(Collected data)
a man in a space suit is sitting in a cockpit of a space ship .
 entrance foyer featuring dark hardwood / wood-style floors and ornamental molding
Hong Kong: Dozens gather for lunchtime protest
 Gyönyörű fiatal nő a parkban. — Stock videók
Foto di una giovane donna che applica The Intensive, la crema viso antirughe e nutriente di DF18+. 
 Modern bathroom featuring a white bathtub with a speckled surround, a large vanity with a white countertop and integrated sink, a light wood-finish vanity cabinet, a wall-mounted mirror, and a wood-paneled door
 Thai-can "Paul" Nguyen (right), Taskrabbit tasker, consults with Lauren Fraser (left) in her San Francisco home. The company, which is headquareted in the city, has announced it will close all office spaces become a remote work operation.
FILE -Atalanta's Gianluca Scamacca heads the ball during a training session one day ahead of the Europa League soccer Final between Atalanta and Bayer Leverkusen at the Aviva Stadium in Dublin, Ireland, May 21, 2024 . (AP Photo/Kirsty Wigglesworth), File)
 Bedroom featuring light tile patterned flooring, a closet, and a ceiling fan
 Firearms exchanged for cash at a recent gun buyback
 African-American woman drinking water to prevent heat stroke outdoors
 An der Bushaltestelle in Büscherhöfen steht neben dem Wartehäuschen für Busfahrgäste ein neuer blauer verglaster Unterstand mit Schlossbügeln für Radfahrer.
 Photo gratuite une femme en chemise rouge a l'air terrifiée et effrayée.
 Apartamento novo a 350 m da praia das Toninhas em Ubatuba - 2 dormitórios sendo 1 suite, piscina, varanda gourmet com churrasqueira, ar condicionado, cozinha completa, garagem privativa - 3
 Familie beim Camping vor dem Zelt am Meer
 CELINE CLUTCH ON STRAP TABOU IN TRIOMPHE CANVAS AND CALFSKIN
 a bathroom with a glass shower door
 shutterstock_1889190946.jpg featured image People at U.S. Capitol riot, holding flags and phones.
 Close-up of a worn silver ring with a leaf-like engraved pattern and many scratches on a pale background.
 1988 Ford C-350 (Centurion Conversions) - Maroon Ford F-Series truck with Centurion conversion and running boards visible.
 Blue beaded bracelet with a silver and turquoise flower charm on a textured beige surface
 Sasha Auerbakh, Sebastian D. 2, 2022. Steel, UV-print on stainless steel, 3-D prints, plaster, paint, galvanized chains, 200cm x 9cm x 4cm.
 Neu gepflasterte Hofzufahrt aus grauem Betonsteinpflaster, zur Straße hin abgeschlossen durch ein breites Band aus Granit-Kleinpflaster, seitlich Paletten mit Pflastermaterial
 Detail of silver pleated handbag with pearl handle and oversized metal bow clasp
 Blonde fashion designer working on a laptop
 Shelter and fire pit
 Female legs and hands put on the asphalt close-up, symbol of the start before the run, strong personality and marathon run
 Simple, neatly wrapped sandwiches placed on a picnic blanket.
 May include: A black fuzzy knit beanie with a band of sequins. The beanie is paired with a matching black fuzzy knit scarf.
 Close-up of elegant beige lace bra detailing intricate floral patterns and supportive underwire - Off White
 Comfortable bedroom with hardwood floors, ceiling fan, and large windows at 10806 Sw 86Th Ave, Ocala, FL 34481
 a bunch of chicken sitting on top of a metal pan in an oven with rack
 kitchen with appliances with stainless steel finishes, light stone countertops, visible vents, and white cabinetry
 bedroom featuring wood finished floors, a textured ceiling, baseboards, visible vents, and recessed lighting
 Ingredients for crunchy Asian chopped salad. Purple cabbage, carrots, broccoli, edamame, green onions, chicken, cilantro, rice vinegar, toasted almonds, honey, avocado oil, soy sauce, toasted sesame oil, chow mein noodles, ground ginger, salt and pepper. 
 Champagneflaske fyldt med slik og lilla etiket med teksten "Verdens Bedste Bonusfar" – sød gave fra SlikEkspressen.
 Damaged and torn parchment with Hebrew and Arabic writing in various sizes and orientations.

* [Task goal]: Where the data above reaches the line holding "Apartamento novo a", begin printing, and stop after the line holding "Shelter and fire pit". Each line must be reproduced exactly, with nothing else added.

* [Result of this task]:
 Apartamento novo a 350 m da praia das Toninhas em Ubatuba - 2 dormitórios sendo 1 suite, piscina, varanda gourmet com churrasqueira, ar condicionado, cozinha completa, garagem privativa - 3
 Familie beim Camping vor dem Zelt am Meer
 CELINE CLUTCH ON STRAP TABOU IN TRIOMPHE CANVAS AND CALFSKIN
 a bathroom with a glass shower door
 shutterstock_1889190946.jpg featured image People at U.S. Capitol riot, holding flags and phones.
 Close-up of a worn silver ring with a leaf-like engraved pattern and many scratches on a pale background.
 1988 Ford C-350 (Centurion Conversions) - Maroon Ford F-Series truck with Centurion conversion and running boards visible.
 Blue beaded bracelet with a silver and turquoise flower charm on a textured beige surface
 Sasha Auerbakh, Sebastian D. 2, 2022. Steel, UV-print on stainless steel, 3-D prints, plaster, paint, galvanized chains, 200cm x 9cm x 4cm.
 Neu gepflasterte Hofzufahrt aus grauem Betonsteinpflaster, zur Straße hin abgeschlossen durch ein breites Band aus Granit-Kleinpflaster, seitlich Paletten mit Pflastermaterial
 Detail of silver pleated handbag with pearl handle and oversized metal bow clasp
 Blonde fashion designer working on a laptop
 Shelter and fire pit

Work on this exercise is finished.